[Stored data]
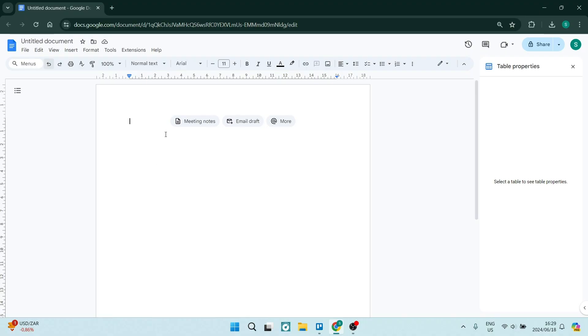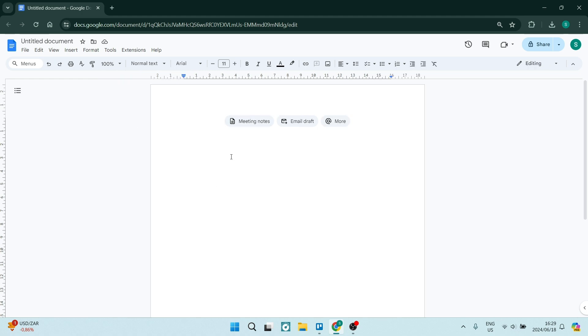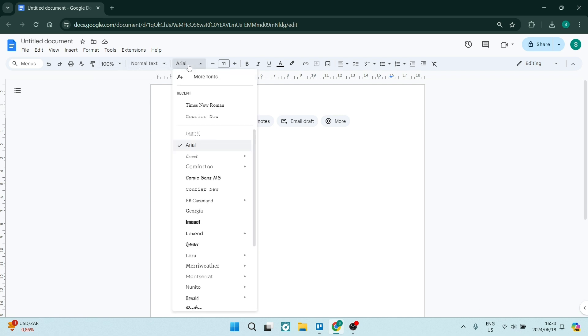So once you open your Google Doc, you will have the opportunity to create your document, write your text, whatever you need to do here. And on your menu ribbon, you'll see currently it's on Arial. This is our default font.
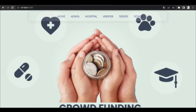Hey guys, welcome to Dhaatri Solutions. Today I am going to show you a website called Crowdfunding. Nowadays, deadly diseases are increasing day by day. Many people are not able to afford the cost of treatment and sadly they are losing their lives due to lack of treatments. To reduce these cases, we have come up with an idea called Crowdfunding. It is a website where donors can donate money to hospitals to help poor people for treatments, and these funds will be given for the treatments of poor people.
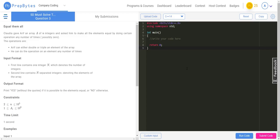Hello everyone, welcome back. Today we will be solving another question which is 'Equal Them All'. Claudia gave Arif an array of n integers and asked him to make all the elements equal by doing certain operations any number of times, possibly zero.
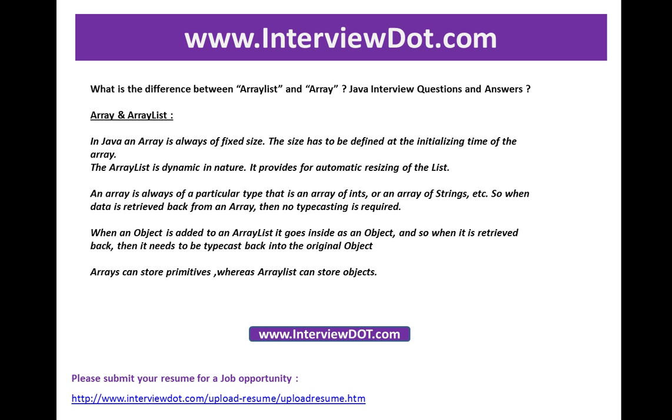Hi, welcome to InterviewDot.com. I'm going to explain a very critical Java interview question: what's the difference between ArrayList and Array?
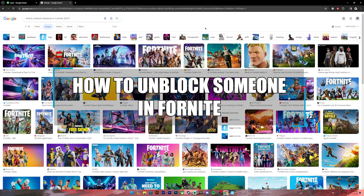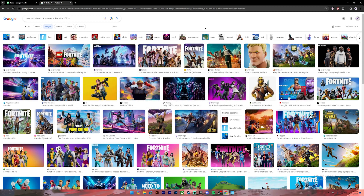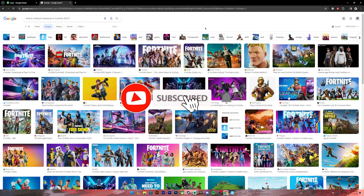Hello everyone, welcome back to our channel. In today's video I'll be teaching you how to unblock someone on Fortnite. Before getting started, if you are new to the channel please do subscribe and turn on the notification bell icon to get notified every time we upload new videos.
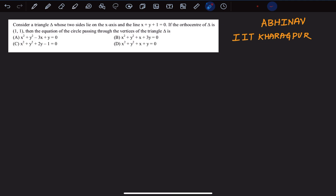Hey guys, welcome to another video where I'll be teaching math. I'm Abhinav. I've done both my bachelor's and master's in electrical engineering from IIT Kharagpur. In this video, we'll be solving a question that appeared on JEE Advanced 2021 using four different approaches. The first three approaches are straightforward but lengthy and calculative. However, the fourth approach is a bit tricky but once you figure out the trick, the question gets done in a very short span of time.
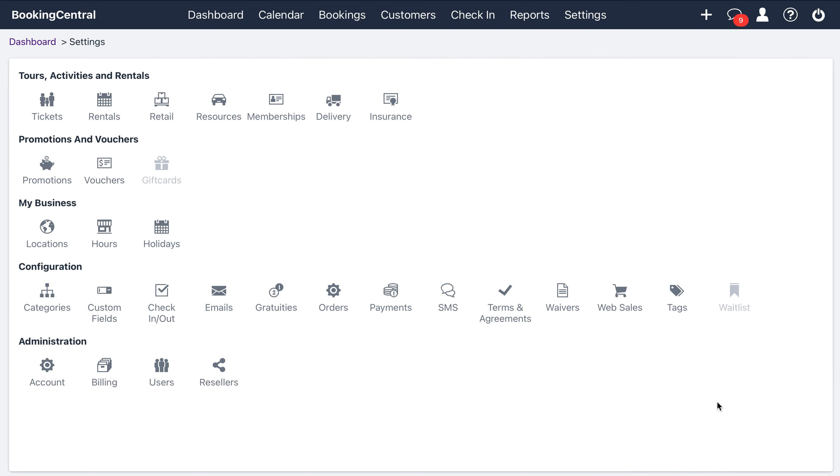Hi, everyone. It's Donna with Booking Central. In this video, I'm going to show you how to enable pre-check-in for your customers.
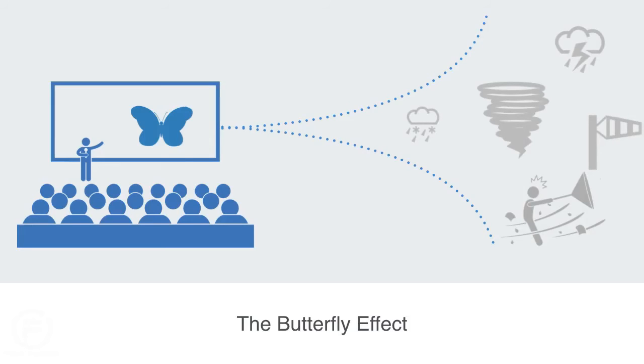The flapping wing represents a small change in the initial conditions of the system, which causes a chain of events leading to some large-scale phenomena. Had the butterfly not flapped its wings, the future trajectory of the system might have been very different.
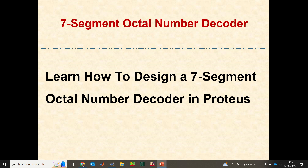Hello guys, welcome back to my YouTube channel. Today I'll be showing you how to design a seven segment octal number decoder using Proteus. Proteus is a very popular software that is commercially available and used in most universities across the world.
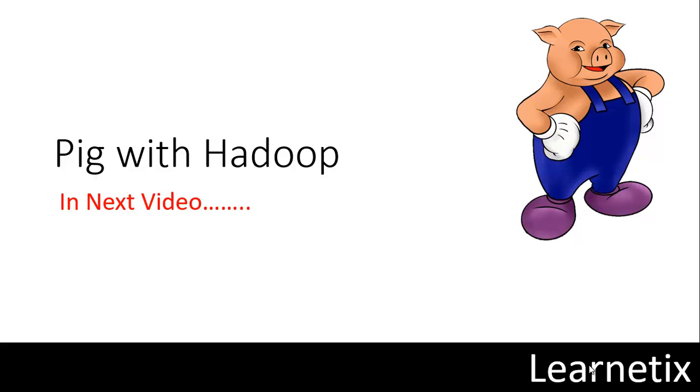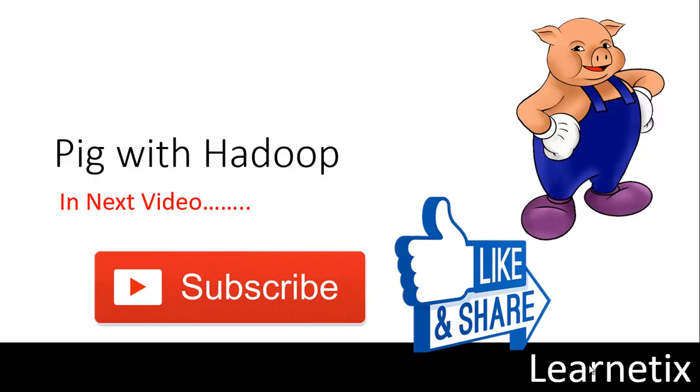Another example is news channels are currently using Pig Latin. These are some use cases of Pig. I hope this video is really informative for you. In the next video we will discuss how Pig works with Hadoop and MapReduce. Until then please subscribe to my channel, don't forget to comment if you have any confusion, and please share this video with others. Thanks.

**Task requirements:**
In the reply, give again exactly the lines from the beginning of the entries above through the line with "Hello everyone, welcome back to"; pictures stay out.

**Response:**
So once you open your Google Doc, you will have the opportunity to create your document, write your text, whatever you need to do here. And on your menu ribbon, you'll see currently it's on Arial. This is our default font.
Hey guys, welcome to Dhaatri Solutions. Today I am going to show you a website called Crowdfunding. Nowadays, deadly diseases are increasing day by day. Many people are not able to afford the cost of treatment and sadly they are losing their lives due to lack of treatments. To reduce these cases, we have come up with an idea called Crowdfunding. It is a website where donors can donate money to hospitals to help poor people for treatments, and these funds will be given for the treatments of poor people.
Hello everyone, welcome back. Today we will be solving another question which is 'Equal Them All'. Claudia gave Arif an array of n integers and asked him to make all the elements equal by doing certain operations any number of times, possibly zero.
Hi, welcome to InterviewDot.com. I'm going to explain a very critical Java interview question: what's the difference between ArrayList and Array?
Hello everyone, welcome back to our channel. In today's video I'll be teaching you how to unblock someone on Fortnite. Before getting started, if you are new to the channel please do subscribe and turn on the notification bell icon to get notified every time we upload new videos.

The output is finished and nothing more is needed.